As Seven Days reported earlier Monday, the administration has been on the defensive since late last week, when VTDigger.org revealed that Shumlin legal counsel Sarah London had requested the deletion of email accounts belonging to five former staffers. Among them was former deputy chief of staff Alex MacLean, who subsequently worked as a contract project manager for Jay Peak Resort. The resort's owners, Ariel Quiros and Bill Stenger, were accused last Thursday by federal and state authorities of perpetrating a $200 million fraud in the Northeast Kingdom.

At Monday's briefing, Springer and his colleagues reiterated that any emails related to Quiros, Stenger and their various endeavors would have been protected from deletion had London's request been granted. That's because Attorney General Bill Sorrell ordered relevant agencies last October to protect all documents related to the state's investigation of the men. 

To prove that the governor and his staff had nothing to hide, Springer said Shumlin's office had requested permission from Sorrell to provide the media with certain emails from the five ex-staffers.

"We are very comfortable with releasing the emails — the Jay Peak, EB-5 emails — from the former staff accounts," Springer said, referring to the EB-5 investor visa program, through which Quiros and Stenger funded their projects. "The attorney general has to make a determination as to whether or not that would prejudice our litigation ... but this office does not have any issue with those emails being made public."

Sorrell's office, however, does. 

Late Monday afternoon, the AG said he would not grant the Shumlin administration's request.

"We do not want to prejudice the serious enforcement action that we have taken," Sorrell said, referring to the civil complaint his office filed last week against Quiros and Stenger. 

Furthermore, he argued, releasing some emails relevant to the case might make it harder to protect others from public disclosure. 

"We frankly don't want to be in the position where we say, 'Yeah, go ahead and release documents A, B and C, [because] someone's going to say, 'Why aren't you releasing documents D, E, and F?'" Sorrell said. 
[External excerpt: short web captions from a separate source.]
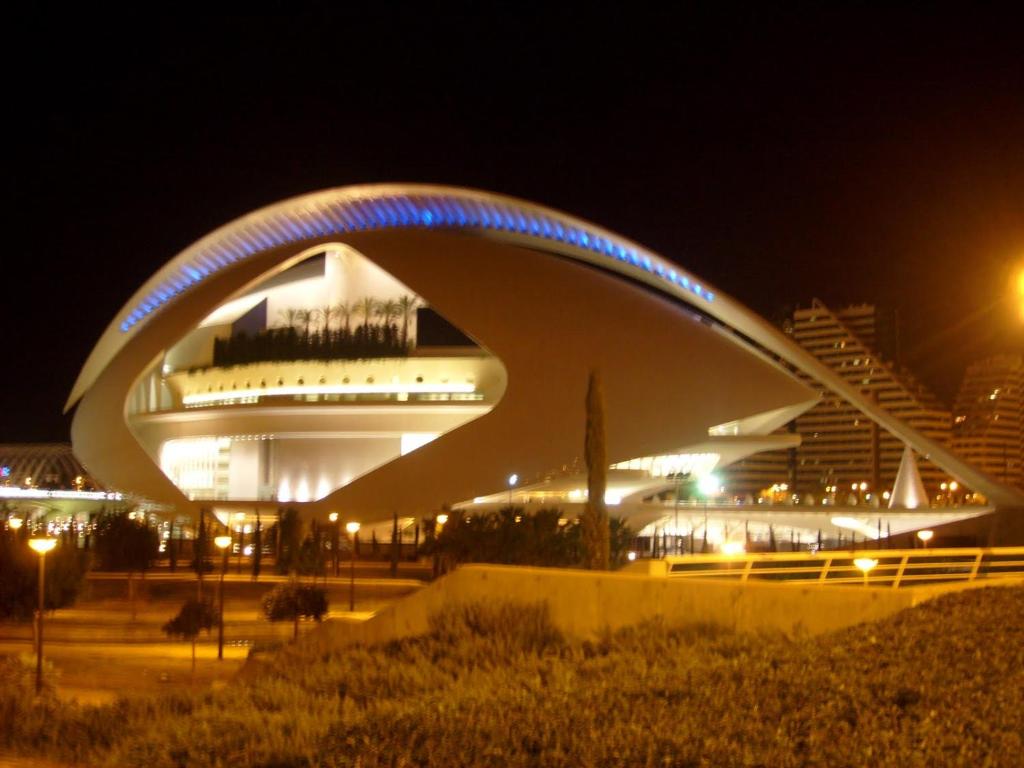 Calatrava - Tap to explore photos
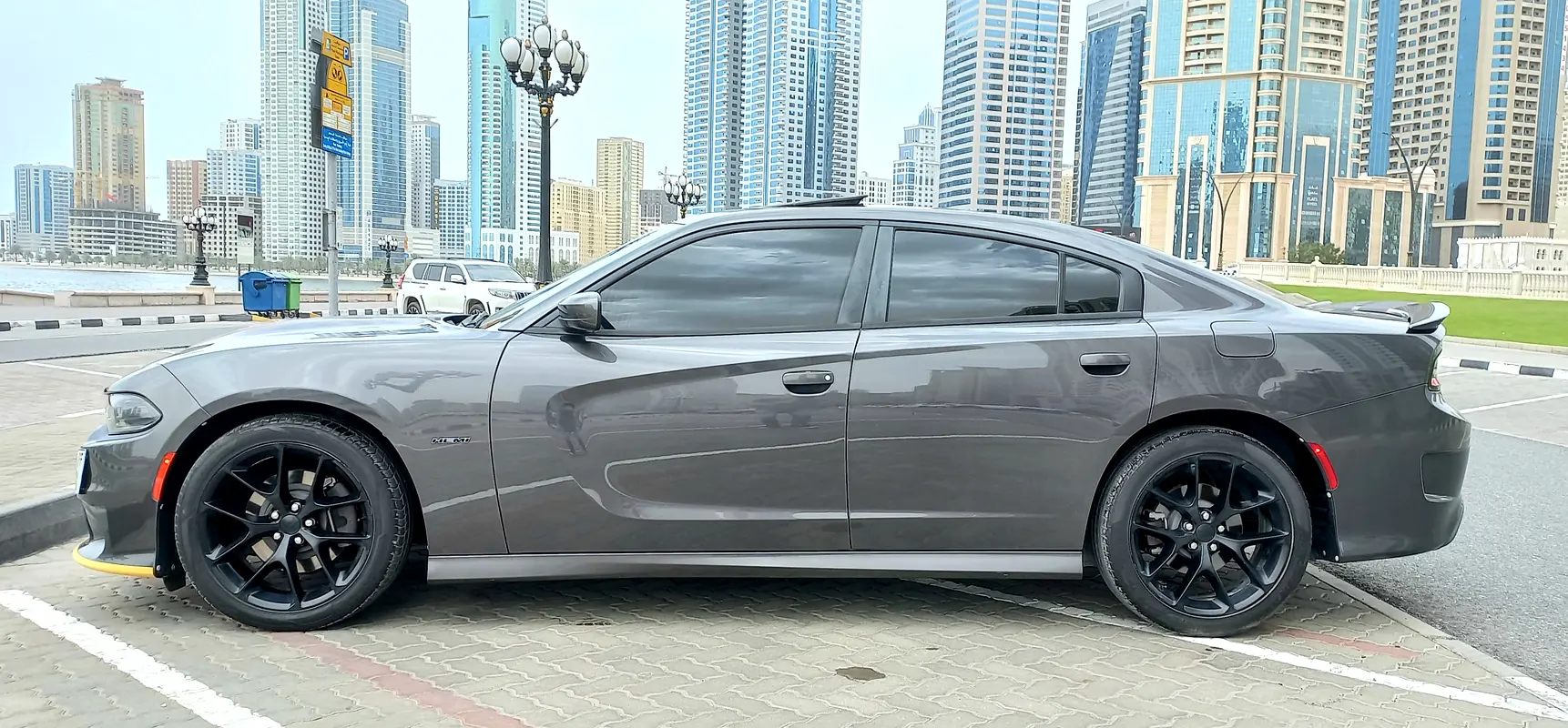 DODGE Charger R/T Plus 2019 - photo 2 - Import Émirats | International Cars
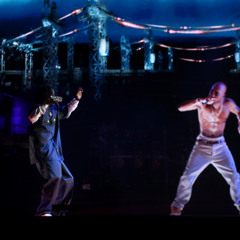 "2 of America's Most Wanted" - Hologram Tupac & Snoop Dogg (Live)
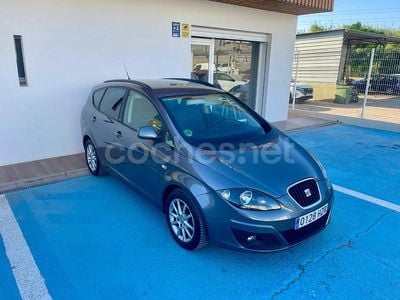 Usado Seat Altea XL I-Tech 105 CV (77 kW) 2015 Gris / plata Monovolumen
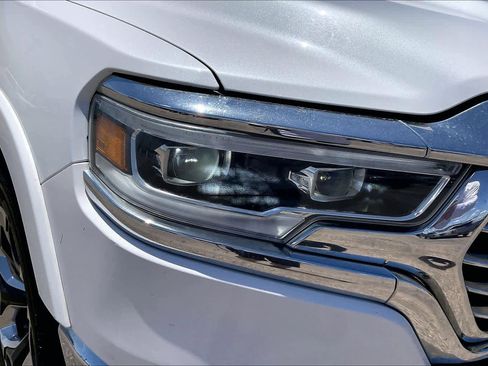 Used 2019 RAM 1500 Limited AWD/4WD image 28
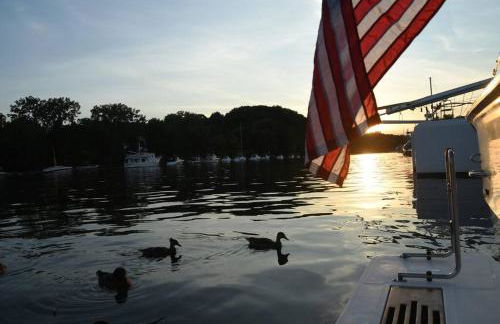 Beautiful Yacht on Catskill Creek - Foto 16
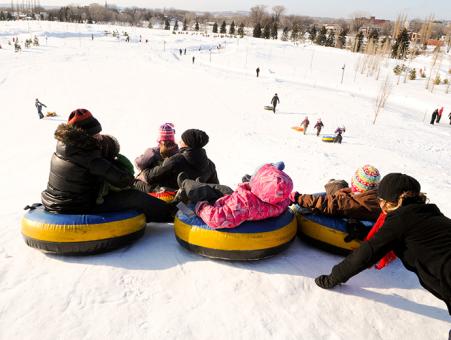Site des sports d'hiver de la Pointe-aux-Lièvres - Glissade sur tube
In the original version of its story, VTDigger reported that the administration learned April 7 that the Securities and Exchange Commission was about to close in on Quiros and Stenger and that London asked the Department of Information and Innovation on April 8 to delete the accounts. But as Seven Days reported earlier Monday, a previously undisclosed email showed that London made her original request to DII on April 1. 
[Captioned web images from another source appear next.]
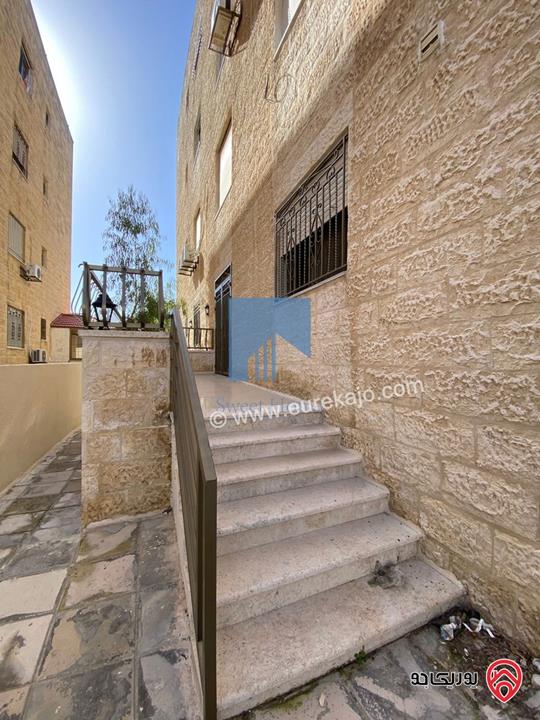 شقة أرضية مميزة  186م مع حديقة وترسات 150م للبيع في عمان - الجندويل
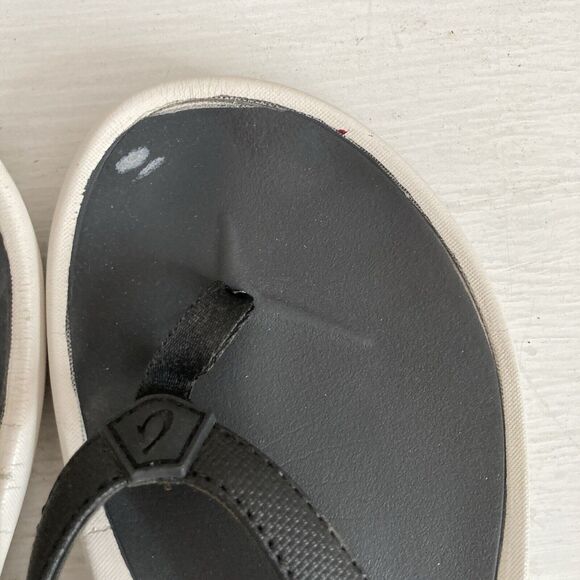 OluKai Sandals Womens Size 7 Pi'oe Casual Slip On Beach Flip Flops Black - Picture 9 of 10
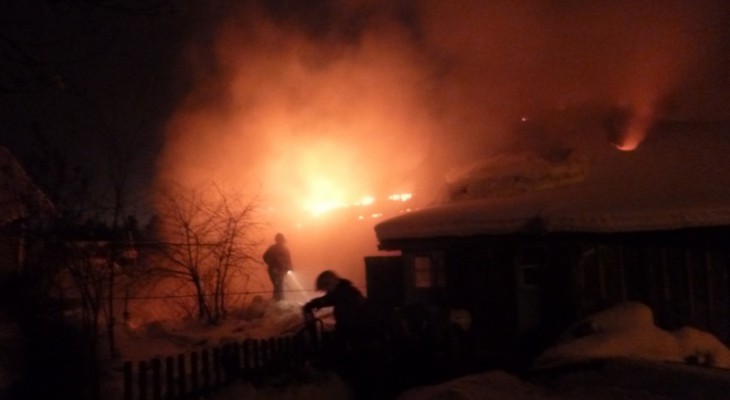 В Кирове сгорел дом: на пепелище нашли тело мужчины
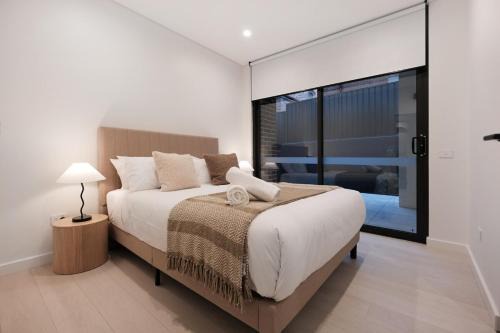 Burwood Apartment | 'CoCo' 2-BR Apt in the heart of Burwood with free parking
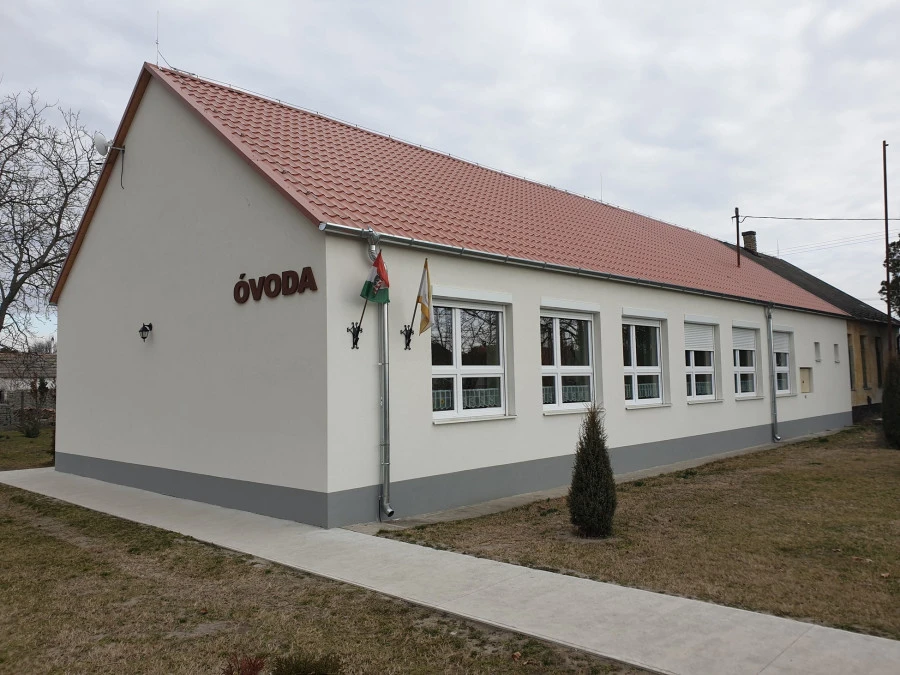 Szalkszentmárton önkormányzati óvodák energetikai korszerűsítése - image description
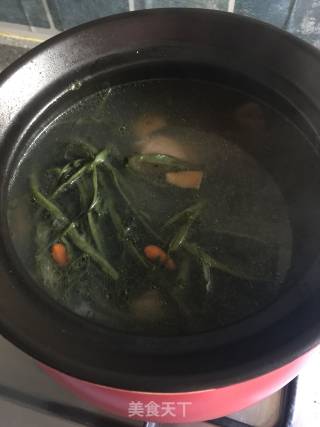 润燥补水润肺西洋菜猪骨汤的做法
After State Archivist Tanya Marshall caught wind of the request, her boss, Secretary of State Jim Condos, asked the administration to stand down until both offices agreed on a procedure. None of the accounts have been deleted.

London herself could not attend Monday's briefing because she was running the Boston Marathon. She provided a written statement explaining the course of events and arguing that she had simply been preparing the office's archives for Shumlin's retirement next January. 
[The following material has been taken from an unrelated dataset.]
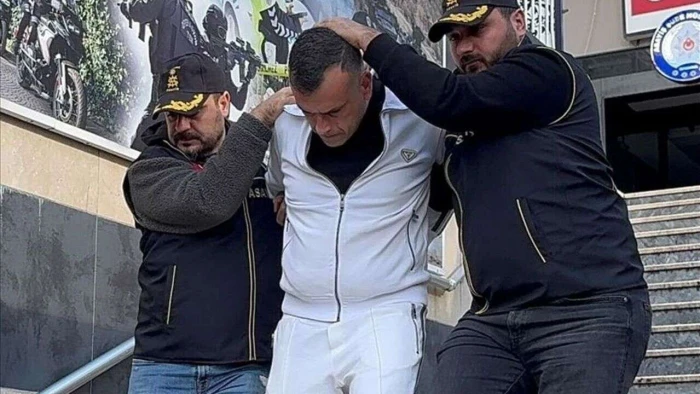 Fatih'te dini nikahlı eşini &ouml;ld&uuml;rd&uuml;ğ&uuml; iddia edilen Cezayir uyruklu zanlı tutuklandı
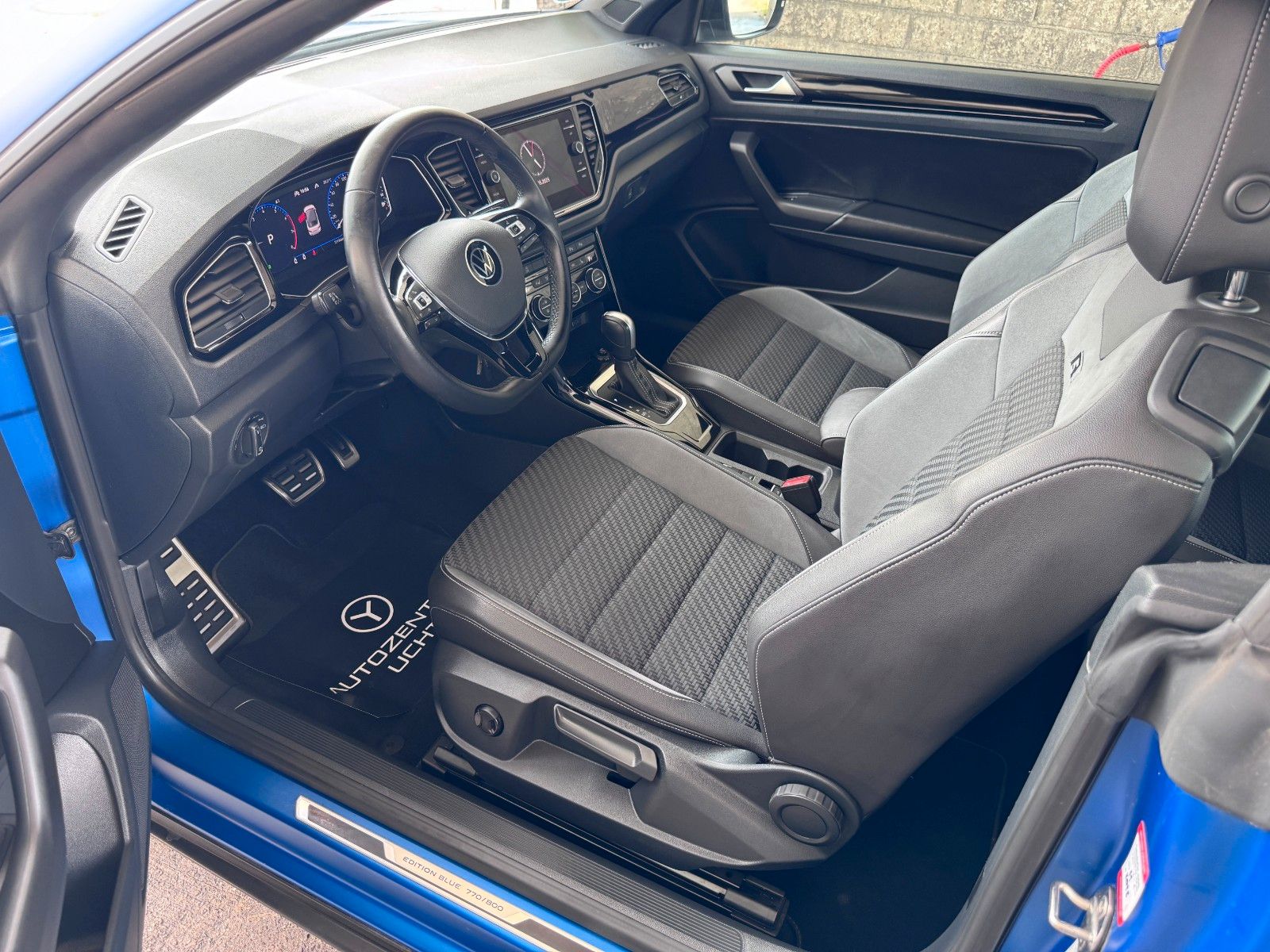 Volkswagen T-Roc R-Line Edition - Samsaru's Car Outlet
"The [Sorrell-requested] litigation hold process and my request to DII had nothing to do with each other, and my request to DII had nothing whatsoever to do with the expected timing of any litigation," she said in the statement.

Springer also defended London, saying she was "not a political person."

"It's probably the last thing in her mind that these two issues would have been conflated when she was working on the archiving," he said.